The non-conference schedule looks different. There are some tournaments, but not the far-flung destinations for every team that we’re used to. The Maui Invitational is in Asheville, North Carolina, if that tells you anything. Several Big 12 teams aren’t going to tournaments, and Kansas State took the step of hosting its own. But the Big 12 was able to hang onto both its Big 12-Big East Battle and its Big 12-SEC game (at least for now).
And, the biggest change, of course, is the early start to league action.
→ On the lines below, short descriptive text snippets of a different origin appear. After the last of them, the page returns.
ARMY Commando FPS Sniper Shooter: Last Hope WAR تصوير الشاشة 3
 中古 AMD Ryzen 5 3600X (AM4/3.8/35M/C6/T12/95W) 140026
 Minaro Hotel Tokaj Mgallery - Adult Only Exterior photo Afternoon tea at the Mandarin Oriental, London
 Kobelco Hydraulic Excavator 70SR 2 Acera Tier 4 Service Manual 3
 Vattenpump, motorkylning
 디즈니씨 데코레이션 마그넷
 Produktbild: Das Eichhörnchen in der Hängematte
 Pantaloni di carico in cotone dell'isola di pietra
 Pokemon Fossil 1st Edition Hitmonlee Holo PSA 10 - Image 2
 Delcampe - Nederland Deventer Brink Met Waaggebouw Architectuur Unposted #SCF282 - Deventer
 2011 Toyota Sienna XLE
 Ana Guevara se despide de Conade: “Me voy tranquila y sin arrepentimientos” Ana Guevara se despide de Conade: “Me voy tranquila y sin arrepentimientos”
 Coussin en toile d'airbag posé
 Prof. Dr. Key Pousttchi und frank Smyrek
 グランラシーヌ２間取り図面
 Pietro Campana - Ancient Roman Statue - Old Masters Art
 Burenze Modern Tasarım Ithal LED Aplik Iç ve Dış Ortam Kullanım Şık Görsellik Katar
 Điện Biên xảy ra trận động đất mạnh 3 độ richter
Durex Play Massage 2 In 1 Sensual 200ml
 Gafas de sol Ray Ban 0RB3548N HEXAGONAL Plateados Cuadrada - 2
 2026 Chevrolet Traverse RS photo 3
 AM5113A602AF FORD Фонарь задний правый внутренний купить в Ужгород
The Big 12 normally begins its conference slate in early January, right after the new year. But, in a nod to COVID, the conference will actually start play on Dec. 6, when TCU hosts Oklahoma. Each Big 12 team will play two league games before Christmas Day, meaning that the league slate is scheduled to end on Feb. 27.
The reason is simple. The Big 12 is trying to give its teams some buffer space between the scheduled end of the regular season and the Big 12 Tournament, which is slated for March 10-13 in Kansas City. Those 11 days could have the same effect of the flexible schedule at the end of the Big 12 football season, as the league chose the option of having the conference championship game on either Dec. 12 or Dec. 19 (and it will now be Dec. 19, thanks to games being rescheduled due to COVID on Dec. 12).
It’s already wreaked havoc on one Big 12 program. Baylor head coach Scott Drew announced on Sunday that he has COVID-19. The next day Baylor announced it wouldn’t play in the Empire Classic, even though no other member of the team or coaching staff had tested positive.
We should expect a bouncy season. We should expect game cancellations and postponements. We should expect players to get COVID. And we should give those players and coaches our prayers when they need them.
But we’re going to play. So, here we go.